DIRECTIONS FOR THIS TASK: Once you have read the entries below, repeat all of them exactly.

GIVEN ENTRIES section start

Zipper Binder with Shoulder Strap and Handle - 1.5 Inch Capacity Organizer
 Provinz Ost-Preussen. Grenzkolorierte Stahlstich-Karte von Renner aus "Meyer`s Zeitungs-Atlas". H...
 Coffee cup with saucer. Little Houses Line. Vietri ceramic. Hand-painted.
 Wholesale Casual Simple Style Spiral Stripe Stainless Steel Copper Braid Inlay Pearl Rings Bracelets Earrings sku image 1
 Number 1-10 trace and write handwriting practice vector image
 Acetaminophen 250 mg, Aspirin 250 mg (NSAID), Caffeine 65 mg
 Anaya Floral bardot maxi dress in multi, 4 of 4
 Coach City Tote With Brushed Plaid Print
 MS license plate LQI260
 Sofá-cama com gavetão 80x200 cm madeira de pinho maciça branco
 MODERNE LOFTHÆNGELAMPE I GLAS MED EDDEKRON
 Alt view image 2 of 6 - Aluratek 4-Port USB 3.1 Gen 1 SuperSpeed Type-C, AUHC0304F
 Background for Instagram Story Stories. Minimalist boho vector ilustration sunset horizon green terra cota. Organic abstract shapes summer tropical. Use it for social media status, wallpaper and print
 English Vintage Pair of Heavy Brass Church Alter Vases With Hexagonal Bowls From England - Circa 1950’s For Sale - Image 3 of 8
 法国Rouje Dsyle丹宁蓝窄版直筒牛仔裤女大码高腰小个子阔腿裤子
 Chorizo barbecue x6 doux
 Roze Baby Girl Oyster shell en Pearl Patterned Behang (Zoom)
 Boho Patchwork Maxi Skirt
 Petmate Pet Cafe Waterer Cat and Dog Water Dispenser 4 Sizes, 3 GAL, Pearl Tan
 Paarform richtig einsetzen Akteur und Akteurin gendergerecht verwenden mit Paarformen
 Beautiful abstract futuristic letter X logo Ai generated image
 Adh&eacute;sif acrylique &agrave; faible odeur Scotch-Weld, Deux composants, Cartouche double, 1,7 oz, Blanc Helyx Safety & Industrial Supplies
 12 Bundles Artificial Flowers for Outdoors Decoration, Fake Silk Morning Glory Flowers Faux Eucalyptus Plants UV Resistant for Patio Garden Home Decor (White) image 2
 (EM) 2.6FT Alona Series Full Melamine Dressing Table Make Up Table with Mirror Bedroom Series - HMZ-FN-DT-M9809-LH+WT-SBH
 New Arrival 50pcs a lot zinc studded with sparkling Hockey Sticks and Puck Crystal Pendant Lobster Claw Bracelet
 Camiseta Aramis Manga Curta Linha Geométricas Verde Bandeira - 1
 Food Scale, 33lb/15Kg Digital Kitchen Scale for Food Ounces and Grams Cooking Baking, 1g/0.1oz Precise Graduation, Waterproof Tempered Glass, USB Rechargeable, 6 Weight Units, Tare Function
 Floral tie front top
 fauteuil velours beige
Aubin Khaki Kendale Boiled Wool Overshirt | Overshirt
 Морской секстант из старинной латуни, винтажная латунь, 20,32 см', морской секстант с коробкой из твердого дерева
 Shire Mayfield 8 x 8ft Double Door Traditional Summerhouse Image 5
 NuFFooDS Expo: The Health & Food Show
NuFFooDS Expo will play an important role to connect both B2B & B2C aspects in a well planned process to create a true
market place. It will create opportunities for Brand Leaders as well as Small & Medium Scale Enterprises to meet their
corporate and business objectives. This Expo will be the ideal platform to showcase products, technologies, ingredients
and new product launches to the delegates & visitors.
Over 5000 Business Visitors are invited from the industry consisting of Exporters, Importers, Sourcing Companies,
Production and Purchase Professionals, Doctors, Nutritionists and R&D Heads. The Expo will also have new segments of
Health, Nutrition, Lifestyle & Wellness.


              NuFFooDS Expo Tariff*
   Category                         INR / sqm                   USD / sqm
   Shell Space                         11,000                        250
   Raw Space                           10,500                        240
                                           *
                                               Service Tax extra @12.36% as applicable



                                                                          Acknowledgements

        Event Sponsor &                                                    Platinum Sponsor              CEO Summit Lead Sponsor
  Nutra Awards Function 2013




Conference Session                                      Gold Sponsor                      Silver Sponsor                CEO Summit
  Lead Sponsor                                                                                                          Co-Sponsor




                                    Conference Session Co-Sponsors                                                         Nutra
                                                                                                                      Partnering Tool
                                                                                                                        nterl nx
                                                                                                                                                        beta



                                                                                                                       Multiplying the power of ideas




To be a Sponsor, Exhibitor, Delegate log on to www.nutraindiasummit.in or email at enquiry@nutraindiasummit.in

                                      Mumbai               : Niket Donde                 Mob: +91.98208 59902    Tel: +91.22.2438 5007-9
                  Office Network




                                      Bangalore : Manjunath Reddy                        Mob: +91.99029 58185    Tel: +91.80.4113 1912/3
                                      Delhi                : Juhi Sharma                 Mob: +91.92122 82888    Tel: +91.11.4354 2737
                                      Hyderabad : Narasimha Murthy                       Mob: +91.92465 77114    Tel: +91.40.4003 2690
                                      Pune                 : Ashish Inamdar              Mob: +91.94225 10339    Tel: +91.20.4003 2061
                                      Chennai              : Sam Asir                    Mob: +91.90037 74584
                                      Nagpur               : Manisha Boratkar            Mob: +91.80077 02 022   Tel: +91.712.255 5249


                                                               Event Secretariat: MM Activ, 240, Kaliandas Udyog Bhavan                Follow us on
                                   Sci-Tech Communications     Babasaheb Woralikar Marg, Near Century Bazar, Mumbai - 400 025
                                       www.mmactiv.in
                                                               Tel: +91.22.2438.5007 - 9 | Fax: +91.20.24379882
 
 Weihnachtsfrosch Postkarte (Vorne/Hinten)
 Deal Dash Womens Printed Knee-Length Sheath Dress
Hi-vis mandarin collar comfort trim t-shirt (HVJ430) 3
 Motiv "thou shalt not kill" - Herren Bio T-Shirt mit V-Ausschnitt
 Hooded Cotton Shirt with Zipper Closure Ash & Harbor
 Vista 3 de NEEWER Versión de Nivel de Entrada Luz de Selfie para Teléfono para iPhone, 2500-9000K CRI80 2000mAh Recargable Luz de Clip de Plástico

GIVEN ENTRIES section end

RESPONSE TO THIS EXERCISE:
Zipper Binder with Shoulder Strap and Handle - 1.5 Inch Capacity Organizer
 Provinz Ost-Preussen. Grenzkolorierte Stahlstich-Karte von Renner aus "Meyer`s Zeitungs-Atlas". H...
 Coffee cup with saucer. Little Houses Line. Vietri ceramic. Hand-painted.
 Wholesale Casual Simple Style Spiral Stripe Stainless Steel Copper Braid Inlay Pearl Rings Bracelets Earrings sku image 1
 Number 1-10 trace and write handwriting practice vector image
 Acetaminophen 250 mg, Aspirin 250 mg (NSAID), Caffeine 65 mg
 Anaya Floral bardot maxi dress in multi, 4 of 4
 Coach City Tote With Brushed Plaid Print
 MS license plate LQI260
 Sofá-cama com gavetão 80x200 cm madeira de pinho maciça branco
 MODERNE LOFTHÆNGELAMPE I GLAS MED EDDEKRON
 Alt view image 2 of 6 - Aluratek 4-Port USB 3.1 Gen 1 SuperSpeed Type-C, AUHC0304F
 Background for Instagram Story Stories. Minimalist boho vector ilustration sunset horizon green terra cota. Organic abstract shapes summer tropical. Use it for social media status, wallpaper and print
 English Vintage Pair of Heavy Brass Church Alter Vases With Hexagonal Bowls From England - Circa 1950’s For Sale - Image 3 of 8
 法国Rouje Dsyle丹宁蓝窄版直筒牛仔裤女大码高腰小个子阔腿裤子
 Chorizo barbecue x6 doux
 Roze Baby Girl Oyster shell en Pearl Patterned Behang (Zoom)
 Boho Patchwork Maxi Skirt
 Petmate Pet Cafe Waterer Cat and Dog Water Dispenser 4 Sizes, 3 GAL, Pearl Tan
 Paarform richtig einsetzen Akteur und Akteurin gendergerecht verwenden mit Paarformen
 Beautiful abstract futuristic letter X logo Ai generated image
 Adh&eacute;sif acrylique &agrave; faible odeur Scotch-Weld, Deux composants, Cartouche double, 1,7 oz, Blanc Helyx Safety & Industrial Supplies
 12 Bundles Artificial Flowers for Outdoors Decoration, Fake Silk Morning Glory Flowers Faux Eucalyptus Plants UV Resistant for Patio Garden Home Decor (White) image 2
 (EM) 2.6FT Alona Series Full Melamine Dressing Table Make Up Table with Mirror Bedroom Series - HMZ-FN-DT-M9809-LH+WT-SBH
 New Arrival 50pcs a lot zinc studded with sparkling Hockey Sticks and Puck Crystal Pendant Lobster Claw Bracelet
 Camiseta Aramis Manga Curta Linha Geométricas Verde Bandeira - 1
 Food Scale, 33lb/15Kg Digital Kitchen Scale for Food Ounces and Grams Cooking Baking, 1g/0.1oz Precise Graduation, Waterproof Tempered Glass, USB Rechargeable, 6 Weight Units, Tare Function
 Floral tie front top
 fauteuil velours beige
Aubin Khaki Kendale Boiled Wool Overshirt | Overshirt
 Морской секстант из старинной латуни, винтажная латунь, 20,32 см', морской секстант с коробкой из твердого дерева
 Shire Mayfield 8 x 8ft Double Door Traditional Summerhouse Image 5
 NuFFooDS Expo: The Health & Food Show
NuFFooDS Expo will play an important role to connect both B2B & B2C aspects in a well planned process to create a true
market place. It will create opportunities for Brand Leaders as well as Small & Medium Scale Enterprises to meet their
corporate and business objectives. This Expo will be the ideal platform to showcase products, technologies, ingredients
and new product launches to the delegates & visitors.
Over 5000 Business Visitors are invited from the industry consisting of Exporters, Importers, Sourcing Companies,
Production and Purchase Professionals, Doctors, Nutritionists and R&D Heads. The Expo will also have new segments of
Health, Nutrition, Lifestyle & Wellness.


              NuFFooDS Expo Tariff*
   Category                         INR / sqm                   USD / sqm
   Shell Space                         11,000                        250
   Raw Space                           10,500                        240
                                           *
                                               Service Tax extra @12.36% as applicable



                                                                          Acknowledgements

        Event Sponsor &                                                    Platinum Sponsor              CEO Summit Lead Sponsor
  Nutra Awards Function 2013




Conference Session                                      Gold Sponsor                      Silver Sponsor                CEO Summit
  Lead Sponsor                                                                                                          Co-Sponsor




                                    Conference Session Co-Sponsors                                                         Nutra
                                                                                                                      Partnering Tool
                                                                                                                        nterl nx
                                                                                                                                                        beta



                                                                                                                       Multiplying the power of ideas




To be a Sponsor, Exhibitor, Delegate log on to www.nutraindiasummit.in or email at enquiry@nutraindiasummit.in

                                      Mumbai               : Niket Donde                 Mob: +91.98208 59902    Tel: +91.22.2438 5007-9
                  Office Network




                                      Bangalore : Manjunath Reddy                        Mob: +91.99029 58185    Tel: +91.80.4113 1912/3
                                      Delhi                : Juhi Sharma                 Mob: +91.92122 82888    Tel: +91.11.4354 2737
                                      Hyderabad : Narasimha Murthy                       Mob: +91.92465 77114    Tel: +91.40.4003 2690
                                      Pune                 : Ashish Inamdar              Mob: +91.94225 10339    Tel: +91.20.4003 2061
                                      Chennai              : Sam Asir                    Mob: +91.90037 74584
                                      Nagpur               : Manisha Boratkar            Mob: +91.80077 02 022   Tel: +91.712.255 5249


                                                               Event Secretariat: MM Activ, 240, Kaliandas Udyog Bhavan                Follow us on
                                   Sci-Tech Communications     Babasaheb Woralikar Marg, Near Century Bazar, Mumbai - 400 025
                                       www.mmactiv.in
                                                               Tel: +91.22.2438.5007 - 9 | Fax: +91.20.24379882
 
 Weihnachtsfrosch Postkarte (Vorne/Hinten)
 Deal Dash Womens Printed Knee-Length Sheath Dress
Hi-vis mandarin collar comfort trim t-shirt (HVJ430) 3
 Motiv "thou shalt not kill" - Herren Bio T-Shirt mit V-Ausschnitt
 Hooded Cotton Shirt with Zipper Closure Ash & Harbor
 Vista 3 de NEEWER Versión de Nivel de Entrada Luz de Selfie para Teléfono para iPhone, 2500-9000K CRI80 2000mAh Recargable Luz de Clip de Plástico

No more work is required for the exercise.